Batch Clean Fields in Boilerplate Database
Source:R/boilerplate_batch_edit_functions.R
boilerplate_batch_clean.Rd
This function allows batch cleaning of text fields by removing or replacing specific characters or patterns across multiple entries in a boilerplate database.
Usage
boilerplate_batch_clean(
db,
field,
remove_chars = NULL,
replace_pairs = NULL,
trim_whitespace = TRUE,
collapse_spaces = FALSE,
target_entries = NULL,
exclude_entries = NULL,
category = NULL,
recursive = TRUE,
preview = FALSE,
confirm = TRUE,
quiet = FALSE
)
Arguments
- db
List. The database to clean (can be a single category or unified database).
- field
Character. The field to clean (e.g., "reference", "description").
- remove_chars
Character vector. Characters to remove (e.g., c("@", "", "")).
- replace_pairs
List. Named list for replacements (e.g., list(" " = "_")).
- trim_whitespace
Logical. Whether to trim leading/trailing whitespace.
- collapse_spaces
Logical. Whether to collapse multiple spaces to single space.
- target_entries
Character vector. Entries to clean. Can be:
Specific entry names (e.g., c("ban_hate_speech", "born_nz"))

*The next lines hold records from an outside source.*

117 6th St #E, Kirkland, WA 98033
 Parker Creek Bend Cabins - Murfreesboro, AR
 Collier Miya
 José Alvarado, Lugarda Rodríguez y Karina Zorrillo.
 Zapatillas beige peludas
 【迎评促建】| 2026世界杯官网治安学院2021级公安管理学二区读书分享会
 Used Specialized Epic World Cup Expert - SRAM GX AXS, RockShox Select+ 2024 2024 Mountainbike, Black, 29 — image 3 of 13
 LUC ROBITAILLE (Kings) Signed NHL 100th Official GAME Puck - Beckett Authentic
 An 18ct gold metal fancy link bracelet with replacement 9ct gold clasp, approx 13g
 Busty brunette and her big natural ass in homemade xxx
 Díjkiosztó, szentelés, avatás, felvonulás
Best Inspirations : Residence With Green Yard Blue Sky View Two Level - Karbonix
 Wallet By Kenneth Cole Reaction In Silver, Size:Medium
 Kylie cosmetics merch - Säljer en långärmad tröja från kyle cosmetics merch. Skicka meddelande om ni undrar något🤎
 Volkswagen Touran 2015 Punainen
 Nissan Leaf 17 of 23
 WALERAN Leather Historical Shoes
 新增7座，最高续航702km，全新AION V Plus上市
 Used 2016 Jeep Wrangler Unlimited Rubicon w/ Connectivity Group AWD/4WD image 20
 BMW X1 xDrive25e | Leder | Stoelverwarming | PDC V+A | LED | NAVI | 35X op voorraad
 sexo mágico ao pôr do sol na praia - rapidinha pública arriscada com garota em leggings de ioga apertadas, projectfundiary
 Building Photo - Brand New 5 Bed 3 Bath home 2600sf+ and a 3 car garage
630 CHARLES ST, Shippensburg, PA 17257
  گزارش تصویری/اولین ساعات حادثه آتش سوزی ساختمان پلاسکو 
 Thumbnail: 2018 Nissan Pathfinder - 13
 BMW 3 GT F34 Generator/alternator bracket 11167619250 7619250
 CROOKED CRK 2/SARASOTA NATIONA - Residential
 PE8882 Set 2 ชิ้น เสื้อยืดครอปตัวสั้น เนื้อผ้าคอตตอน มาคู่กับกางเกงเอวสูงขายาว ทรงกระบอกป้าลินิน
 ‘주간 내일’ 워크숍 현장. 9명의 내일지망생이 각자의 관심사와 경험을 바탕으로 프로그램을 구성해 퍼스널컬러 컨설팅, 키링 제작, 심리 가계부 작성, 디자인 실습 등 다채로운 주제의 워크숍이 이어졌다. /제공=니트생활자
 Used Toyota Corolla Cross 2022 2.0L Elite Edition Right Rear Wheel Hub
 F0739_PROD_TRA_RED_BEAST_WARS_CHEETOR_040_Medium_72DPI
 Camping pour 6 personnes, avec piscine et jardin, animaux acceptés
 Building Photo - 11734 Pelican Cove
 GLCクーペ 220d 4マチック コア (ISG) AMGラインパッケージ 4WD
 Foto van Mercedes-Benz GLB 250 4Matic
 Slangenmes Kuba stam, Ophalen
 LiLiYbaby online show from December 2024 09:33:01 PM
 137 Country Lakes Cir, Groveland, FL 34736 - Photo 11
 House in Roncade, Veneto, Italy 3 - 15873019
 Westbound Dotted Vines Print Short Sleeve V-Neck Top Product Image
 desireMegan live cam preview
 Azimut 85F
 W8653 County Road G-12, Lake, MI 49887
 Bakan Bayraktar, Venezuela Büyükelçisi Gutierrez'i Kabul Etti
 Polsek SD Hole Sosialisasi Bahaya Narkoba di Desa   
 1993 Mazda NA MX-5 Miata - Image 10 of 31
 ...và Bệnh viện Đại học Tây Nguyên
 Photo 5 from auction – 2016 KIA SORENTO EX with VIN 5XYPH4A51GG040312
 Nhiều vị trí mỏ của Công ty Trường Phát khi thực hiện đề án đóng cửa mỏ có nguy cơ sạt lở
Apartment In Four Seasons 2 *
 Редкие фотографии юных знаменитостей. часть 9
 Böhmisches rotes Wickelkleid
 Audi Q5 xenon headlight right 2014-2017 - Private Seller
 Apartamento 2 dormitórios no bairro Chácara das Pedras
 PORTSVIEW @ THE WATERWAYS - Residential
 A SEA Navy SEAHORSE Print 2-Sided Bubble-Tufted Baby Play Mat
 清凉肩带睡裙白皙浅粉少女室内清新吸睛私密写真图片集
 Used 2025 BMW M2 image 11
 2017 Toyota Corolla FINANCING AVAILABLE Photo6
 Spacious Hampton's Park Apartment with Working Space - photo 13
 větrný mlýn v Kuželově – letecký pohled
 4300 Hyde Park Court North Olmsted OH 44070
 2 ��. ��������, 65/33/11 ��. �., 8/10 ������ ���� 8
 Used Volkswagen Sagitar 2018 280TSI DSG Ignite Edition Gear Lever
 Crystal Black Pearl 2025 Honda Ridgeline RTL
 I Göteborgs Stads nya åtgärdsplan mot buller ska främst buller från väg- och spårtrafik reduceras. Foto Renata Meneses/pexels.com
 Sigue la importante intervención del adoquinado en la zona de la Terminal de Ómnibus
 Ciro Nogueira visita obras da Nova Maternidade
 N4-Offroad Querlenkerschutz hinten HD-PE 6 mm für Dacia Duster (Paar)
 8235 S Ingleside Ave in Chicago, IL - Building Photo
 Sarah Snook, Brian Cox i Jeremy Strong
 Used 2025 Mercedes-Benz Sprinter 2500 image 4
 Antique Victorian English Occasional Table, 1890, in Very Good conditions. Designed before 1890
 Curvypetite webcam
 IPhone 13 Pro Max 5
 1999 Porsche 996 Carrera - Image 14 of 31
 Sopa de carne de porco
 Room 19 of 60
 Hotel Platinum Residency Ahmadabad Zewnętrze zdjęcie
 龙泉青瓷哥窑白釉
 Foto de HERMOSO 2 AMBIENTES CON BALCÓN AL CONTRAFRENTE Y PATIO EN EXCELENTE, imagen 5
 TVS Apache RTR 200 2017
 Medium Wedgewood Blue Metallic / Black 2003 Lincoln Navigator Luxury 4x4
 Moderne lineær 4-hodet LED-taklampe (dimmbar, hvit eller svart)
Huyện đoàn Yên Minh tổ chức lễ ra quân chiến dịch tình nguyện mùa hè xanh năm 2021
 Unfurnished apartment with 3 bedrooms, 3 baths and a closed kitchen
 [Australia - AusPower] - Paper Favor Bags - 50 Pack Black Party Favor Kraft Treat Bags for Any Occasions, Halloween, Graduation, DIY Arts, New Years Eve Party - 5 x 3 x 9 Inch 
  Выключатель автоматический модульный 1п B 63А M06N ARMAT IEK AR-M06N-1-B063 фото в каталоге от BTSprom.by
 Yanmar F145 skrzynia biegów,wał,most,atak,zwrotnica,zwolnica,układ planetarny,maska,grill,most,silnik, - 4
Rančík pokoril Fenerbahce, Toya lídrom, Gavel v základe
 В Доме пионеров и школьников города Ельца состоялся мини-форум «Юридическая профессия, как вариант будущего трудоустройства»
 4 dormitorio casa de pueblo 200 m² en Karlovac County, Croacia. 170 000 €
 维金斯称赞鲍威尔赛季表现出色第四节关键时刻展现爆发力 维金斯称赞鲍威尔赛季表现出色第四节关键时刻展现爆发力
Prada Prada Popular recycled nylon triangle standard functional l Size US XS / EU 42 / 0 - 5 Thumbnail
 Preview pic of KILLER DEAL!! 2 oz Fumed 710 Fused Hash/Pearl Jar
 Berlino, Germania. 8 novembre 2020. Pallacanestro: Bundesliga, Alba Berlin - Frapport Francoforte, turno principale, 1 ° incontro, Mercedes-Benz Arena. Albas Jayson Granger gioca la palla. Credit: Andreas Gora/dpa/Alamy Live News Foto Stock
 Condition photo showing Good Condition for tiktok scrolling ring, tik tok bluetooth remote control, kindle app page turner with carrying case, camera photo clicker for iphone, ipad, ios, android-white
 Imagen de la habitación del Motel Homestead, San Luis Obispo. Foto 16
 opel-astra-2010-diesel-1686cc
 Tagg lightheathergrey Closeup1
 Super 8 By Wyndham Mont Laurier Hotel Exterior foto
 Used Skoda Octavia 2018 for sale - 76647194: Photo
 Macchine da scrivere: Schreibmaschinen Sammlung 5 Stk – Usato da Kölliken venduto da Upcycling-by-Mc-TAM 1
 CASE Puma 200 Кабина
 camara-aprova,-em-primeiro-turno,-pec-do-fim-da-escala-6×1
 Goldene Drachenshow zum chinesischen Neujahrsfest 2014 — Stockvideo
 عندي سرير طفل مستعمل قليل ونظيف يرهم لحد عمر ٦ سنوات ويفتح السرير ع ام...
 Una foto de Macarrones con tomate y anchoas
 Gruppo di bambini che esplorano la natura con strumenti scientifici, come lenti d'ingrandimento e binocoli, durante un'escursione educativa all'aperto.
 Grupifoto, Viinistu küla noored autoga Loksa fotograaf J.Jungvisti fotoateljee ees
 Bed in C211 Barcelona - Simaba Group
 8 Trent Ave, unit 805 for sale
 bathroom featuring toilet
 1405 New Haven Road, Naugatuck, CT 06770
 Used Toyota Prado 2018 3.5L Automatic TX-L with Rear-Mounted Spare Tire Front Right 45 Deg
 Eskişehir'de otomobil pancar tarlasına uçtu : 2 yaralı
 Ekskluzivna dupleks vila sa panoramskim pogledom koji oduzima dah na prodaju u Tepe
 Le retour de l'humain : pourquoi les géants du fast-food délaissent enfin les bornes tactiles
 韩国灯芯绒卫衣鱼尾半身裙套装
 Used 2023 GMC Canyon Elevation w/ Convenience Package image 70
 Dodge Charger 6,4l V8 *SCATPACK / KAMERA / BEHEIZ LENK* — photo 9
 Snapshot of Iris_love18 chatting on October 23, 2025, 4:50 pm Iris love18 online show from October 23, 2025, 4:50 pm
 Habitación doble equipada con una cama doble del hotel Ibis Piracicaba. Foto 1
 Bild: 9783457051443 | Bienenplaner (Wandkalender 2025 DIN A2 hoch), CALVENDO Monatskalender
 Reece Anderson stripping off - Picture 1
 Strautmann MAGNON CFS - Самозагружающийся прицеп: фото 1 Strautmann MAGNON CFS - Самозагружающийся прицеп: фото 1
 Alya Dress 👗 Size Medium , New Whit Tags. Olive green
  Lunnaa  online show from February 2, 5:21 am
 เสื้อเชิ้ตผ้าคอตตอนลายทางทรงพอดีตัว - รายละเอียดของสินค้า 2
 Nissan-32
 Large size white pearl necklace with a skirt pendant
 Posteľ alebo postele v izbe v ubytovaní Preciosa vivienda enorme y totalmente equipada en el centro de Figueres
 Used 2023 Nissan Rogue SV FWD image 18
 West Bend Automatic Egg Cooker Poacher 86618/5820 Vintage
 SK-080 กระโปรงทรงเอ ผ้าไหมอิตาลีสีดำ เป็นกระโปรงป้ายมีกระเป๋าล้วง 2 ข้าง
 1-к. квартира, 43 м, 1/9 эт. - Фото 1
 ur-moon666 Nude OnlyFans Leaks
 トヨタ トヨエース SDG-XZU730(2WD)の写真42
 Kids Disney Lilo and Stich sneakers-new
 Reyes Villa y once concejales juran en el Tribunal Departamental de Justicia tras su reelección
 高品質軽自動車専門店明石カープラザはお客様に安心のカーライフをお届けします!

Patterns with wildcards (e.g., "anxiety*")
"all" to clean all entries
NULL to clean all entries with the specified field
- exclude_entries
Character vector. Entries to exclude from cleaning. Can use specific names or wildcard patterns like target_entries
- category
Character. If db is unified, specifies which category to clean.
- recursive
Logical. Whether to search recursively through nested structures.
- preview
Logical. If TRUE, shows what would be changed without making changes.
- confirm
Logical. If TRUE, asks for confirmation before making changes.
- quiet
Logical. If TRUE, suppresses non-essential messages.
Examples
if (FALSE) { # \dontrun{
# Remove @, [, and ] from all references
unified_db <- boilerplate_batch_clean(
db = unified_db,
field = "reference",
remove_chars = c("@", "[", "]"),
category = "measures"
)
# Clean all entries EXCEPT specific ones
unified_db <- boilerplate_batch_clean(
db = unified_db,
field = "reference",
remove_chars = c("@", "[", "]"),
exclude_entries = c("forgiveness", "special_measure"),
category = "measures"
)
# Clean specific entries only
unified_db <- boilerplate_batch_clean(
db = unified_db,
field = "reference",
remove_chars = c("@", "[", "]"),
target_entries = c("ban_hate_speech", "born_nz"),
category = "measures"
)
# Clean all entries starting with "emp_" except "emp_special"
unified_db <- boilerplate_batch_clean(
db = unified_db,
field = "reference",
remove_chars = c("@", "[", "]"),
target_entries = "emp_*",
exclude_entries = "emp_special",
category = "measures"
)
# Replace characters and clean
unified_db <- boilerplate_batch_clean(
db = unified_db,
field = "reference",
remove_chars = c("@", "[", "]"),
replace_pairs = list(" " = "_", "." = ""),
trim_whitespace = TRUE,
category = "measures"
)
# Preview changes first
boilerplate_batch_clean(
db = unified_db,
field = "reference",
remove_chars = c("@", "[", "]"),
exclude_entries = "forgiveness",
category = "measures",
preview = TRUE
)
} # }